• _Your task_
Each line from the opening of the listing below through the line that contains "Castanha da Índia" is to be output exactly as written.

+--

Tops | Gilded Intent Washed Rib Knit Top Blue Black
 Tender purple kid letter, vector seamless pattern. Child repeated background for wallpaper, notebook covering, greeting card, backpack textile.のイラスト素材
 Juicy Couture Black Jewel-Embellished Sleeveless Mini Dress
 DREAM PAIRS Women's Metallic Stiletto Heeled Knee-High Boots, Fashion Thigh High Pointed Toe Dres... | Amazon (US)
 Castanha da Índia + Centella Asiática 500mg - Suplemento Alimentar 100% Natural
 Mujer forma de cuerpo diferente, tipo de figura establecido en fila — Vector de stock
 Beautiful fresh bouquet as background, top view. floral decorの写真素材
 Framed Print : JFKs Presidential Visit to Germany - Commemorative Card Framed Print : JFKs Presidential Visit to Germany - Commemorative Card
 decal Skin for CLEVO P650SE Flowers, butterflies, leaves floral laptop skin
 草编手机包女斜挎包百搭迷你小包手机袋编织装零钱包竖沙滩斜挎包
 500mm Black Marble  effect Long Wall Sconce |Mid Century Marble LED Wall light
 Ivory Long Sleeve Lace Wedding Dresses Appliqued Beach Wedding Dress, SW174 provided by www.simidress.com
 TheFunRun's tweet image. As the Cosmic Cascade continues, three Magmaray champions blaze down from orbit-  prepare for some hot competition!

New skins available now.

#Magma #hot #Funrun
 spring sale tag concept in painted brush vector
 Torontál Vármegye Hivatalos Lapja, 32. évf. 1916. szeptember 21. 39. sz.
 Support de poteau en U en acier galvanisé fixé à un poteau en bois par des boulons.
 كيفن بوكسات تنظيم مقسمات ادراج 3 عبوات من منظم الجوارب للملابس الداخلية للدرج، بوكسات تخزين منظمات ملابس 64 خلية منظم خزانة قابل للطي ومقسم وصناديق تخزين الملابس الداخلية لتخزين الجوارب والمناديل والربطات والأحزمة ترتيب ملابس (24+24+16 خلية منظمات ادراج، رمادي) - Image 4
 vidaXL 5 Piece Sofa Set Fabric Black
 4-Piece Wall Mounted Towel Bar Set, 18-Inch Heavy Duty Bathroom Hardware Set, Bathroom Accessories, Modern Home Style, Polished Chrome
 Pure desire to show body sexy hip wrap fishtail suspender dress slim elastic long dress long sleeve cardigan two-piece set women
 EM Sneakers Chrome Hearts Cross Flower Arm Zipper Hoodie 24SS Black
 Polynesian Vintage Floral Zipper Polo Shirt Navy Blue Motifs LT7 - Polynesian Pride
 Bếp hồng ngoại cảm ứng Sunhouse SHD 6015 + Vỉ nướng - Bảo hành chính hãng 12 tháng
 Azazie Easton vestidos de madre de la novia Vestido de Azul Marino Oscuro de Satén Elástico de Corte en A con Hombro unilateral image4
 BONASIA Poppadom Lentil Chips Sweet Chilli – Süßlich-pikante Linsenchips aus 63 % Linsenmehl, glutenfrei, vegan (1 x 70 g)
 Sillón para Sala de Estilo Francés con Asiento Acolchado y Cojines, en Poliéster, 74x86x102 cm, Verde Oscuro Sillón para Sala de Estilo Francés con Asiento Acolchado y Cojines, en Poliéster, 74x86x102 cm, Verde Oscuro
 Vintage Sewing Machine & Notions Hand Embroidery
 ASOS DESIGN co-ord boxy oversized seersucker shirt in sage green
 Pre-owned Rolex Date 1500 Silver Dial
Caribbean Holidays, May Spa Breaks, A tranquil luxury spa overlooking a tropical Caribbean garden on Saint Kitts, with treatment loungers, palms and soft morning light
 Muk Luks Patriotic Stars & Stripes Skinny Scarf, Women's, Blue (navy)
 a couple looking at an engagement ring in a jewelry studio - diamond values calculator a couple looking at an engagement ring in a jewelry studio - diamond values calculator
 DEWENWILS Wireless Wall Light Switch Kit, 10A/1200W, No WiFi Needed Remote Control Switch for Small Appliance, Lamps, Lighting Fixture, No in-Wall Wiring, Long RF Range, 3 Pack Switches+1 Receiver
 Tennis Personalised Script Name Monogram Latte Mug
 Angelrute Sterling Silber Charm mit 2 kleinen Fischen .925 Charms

+--

• _Output_
Tops | Gilded Intent Washed Rib Knit Top Blue Black
 Tender purple kid letter, vector seamless pattern. Child repeated background for wallpaper, notebook covering, greeting card, backpack textile.のイラスト素材
 Juicy Couture Black Jewel-Embellished Sleeveless Mini Dress
 DREAM PAIRS Women's Metallic Stiletto Heeled Knee-High Boots, Fashion Thigh High Pointed Toe Dres... | Amazon (US)
 Castanha da Índia + Centella Asiática 500mg - Suplemento Alimentar 100% Natural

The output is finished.